According to the latest dairy report from Rabobank, milk production is set to decrease for at least four consecutive quarters, from Q3 2021 to Q2 2022.
This is due to weakening demand expectations, creating a scenario for moderate price declines in dairy commodities during the second half of 2022.
Milk production in the 'Big-7' dairy export regions - the US, the EU, New Zealand, Australia, Brazil, Argentina, and Uruguay - contracted year-on-year for three consecutive quarters.
Rabobank forecasts that Big-7 production will contract for a fourth consecutive quarter in Q2 2022, something not seen since 2012-2013.
Milk output is expected to decline by 1.1% YOY in Q2 2022 after declining by 1.9% in Q1 2022. But production is expected to recover modestly in coming quarters.
Positive year-on-year growth is anticipated in the second half of 2022, resulting in an estimated 0.5% loss for 2022. Preliminary forecasts for 2023 suggest a below trend gain of 0.5%.
“The current slowdown in global milk output is directly related to higher costs of production and weather events,” explains Andrés Padilla, senior analyst at Rabobank.
"In the past, production has recovered and surpassed previous peaks, but now there are structural issues that could limit a significant rebound in production from some key exporters.”
Dairy herds in New Zealand and Europe have limited scope for growth and are more likely to contract under current and proposed regulations and environmental pressures.

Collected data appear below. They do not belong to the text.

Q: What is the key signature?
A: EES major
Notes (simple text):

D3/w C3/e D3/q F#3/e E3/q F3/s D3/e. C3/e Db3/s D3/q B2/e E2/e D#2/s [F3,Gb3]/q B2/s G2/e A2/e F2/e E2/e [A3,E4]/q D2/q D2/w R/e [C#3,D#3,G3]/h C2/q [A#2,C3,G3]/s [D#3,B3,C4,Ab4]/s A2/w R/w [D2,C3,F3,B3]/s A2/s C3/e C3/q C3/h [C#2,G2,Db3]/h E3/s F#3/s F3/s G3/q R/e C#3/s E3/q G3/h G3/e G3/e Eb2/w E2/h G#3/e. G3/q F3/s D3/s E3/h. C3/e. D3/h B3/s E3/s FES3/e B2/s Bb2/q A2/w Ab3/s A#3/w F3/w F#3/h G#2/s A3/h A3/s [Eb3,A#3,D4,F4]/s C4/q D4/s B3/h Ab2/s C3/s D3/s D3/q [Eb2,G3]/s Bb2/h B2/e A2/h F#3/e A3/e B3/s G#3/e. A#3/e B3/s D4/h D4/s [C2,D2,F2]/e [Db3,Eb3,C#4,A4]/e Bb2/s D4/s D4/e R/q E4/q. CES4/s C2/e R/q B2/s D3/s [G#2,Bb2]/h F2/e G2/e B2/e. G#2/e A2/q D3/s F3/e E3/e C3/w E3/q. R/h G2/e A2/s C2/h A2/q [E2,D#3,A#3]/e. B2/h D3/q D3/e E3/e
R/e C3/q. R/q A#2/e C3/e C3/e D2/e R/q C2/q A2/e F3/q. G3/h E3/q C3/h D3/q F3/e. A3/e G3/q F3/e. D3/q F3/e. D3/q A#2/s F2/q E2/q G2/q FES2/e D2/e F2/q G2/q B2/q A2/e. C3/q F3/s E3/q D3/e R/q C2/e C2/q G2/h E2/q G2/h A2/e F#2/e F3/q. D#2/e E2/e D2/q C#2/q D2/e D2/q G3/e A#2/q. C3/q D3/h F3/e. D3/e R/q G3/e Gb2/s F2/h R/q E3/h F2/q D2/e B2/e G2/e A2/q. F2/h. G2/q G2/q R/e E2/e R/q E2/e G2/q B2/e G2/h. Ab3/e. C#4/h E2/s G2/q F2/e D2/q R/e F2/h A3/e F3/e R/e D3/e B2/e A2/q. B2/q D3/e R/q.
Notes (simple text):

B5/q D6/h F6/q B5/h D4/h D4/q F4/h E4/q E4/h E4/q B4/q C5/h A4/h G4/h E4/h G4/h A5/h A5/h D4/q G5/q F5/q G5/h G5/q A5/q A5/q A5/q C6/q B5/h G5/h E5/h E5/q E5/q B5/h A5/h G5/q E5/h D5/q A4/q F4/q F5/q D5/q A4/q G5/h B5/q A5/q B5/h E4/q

In South America, competition from grains and oilseeds for land and capital continues to intensify, limiting dairy expansions.

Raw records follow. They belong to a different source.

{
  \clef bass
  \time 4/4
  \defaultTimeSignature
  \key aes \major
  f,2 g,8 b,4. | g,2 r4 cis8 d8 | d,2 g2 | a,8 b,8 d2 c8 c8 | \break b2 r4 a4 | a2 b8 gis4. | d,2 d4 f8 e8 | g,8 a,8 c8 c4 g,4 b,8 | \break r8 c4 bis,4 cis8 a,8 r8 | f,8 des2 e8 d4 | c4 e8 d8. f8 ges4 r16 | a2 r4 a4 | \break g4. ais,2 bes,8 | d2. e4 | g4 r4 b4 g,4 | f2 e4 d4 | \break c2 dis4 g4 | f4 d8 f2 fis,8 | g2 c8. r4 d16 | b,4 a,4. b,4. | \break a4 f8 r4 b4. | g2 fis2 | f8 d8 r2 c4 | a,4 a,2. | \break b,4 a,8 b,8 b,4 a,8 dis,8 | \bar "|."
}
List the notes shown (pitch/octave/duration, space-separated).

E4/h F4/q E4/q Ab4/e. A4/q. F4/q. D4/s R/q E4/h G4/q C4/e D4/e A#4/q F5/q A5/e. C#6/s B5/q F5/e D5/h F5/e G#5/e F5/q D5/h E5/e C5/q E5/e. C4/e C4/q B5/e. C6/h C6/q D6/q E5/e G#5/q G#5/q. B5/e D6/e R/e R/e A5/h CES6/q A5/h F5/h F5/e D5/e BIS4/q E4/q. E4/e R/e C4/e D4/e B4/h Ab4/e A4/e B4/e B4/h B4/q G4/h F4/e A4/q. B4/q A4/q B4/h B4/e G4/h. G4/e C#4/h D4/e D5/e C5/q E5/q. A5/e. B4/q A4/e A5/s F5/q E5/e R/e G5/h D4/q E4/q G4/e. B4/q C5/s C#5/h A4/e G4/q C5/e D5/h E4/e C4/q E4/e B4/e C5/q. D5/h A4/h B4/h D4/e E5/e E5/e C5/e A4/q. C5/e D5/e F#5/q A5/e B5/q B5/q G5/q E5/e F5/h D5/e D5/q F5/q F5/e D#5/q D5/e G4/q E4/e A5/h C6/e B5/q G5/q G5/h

Milk producers around the globe are facing higher corn and soybean prices, and weather disruptions are affecting certain regions, especially Oceania and South America.
Overall inflation pressures in energy, fuel, and wages are also impacting profitability across the Big-7. “Despite higher milk prices, milk production growth and the feed costs scenario remain challenging,” says Padilla.
Lower demand across most regions is also expected, as consumers are feeling the significant impact of inflation on their purchasing power.
In the US and the EU, inflation is at a 40-year high, shocking consumers and impacting lower income families disproportionately.
In emerging markets, inflation is not new, but the severity of the current rise in prices, especially for commodity-importing countries, has been amplified by the effects of the war in Ukraine and a very strong dollar.
However, according to Padilla, high oil prices could support dairy import demand for some oil export countries, as seen in previous commodity cycles.
Weakening consumer purchasing power is making it difficult for milk processors to pass increased production costs on to consumers.
In some regions, like the European Union, some retailers continue to resist additional price hikes for some low-margin products.
China is lowering its imports, due to strong domestic milk production coupled with weaker consumer demand related to Covid-related measures, and high inventories.
Overall LME (liquid milk equivalent, excluding whey) imports are already 4% lower for the first four months of the year with some categories down sharply (whey -40%).
Looking forward, China’s non-whey import demand is expected to decrease by 34% YOY in 2022.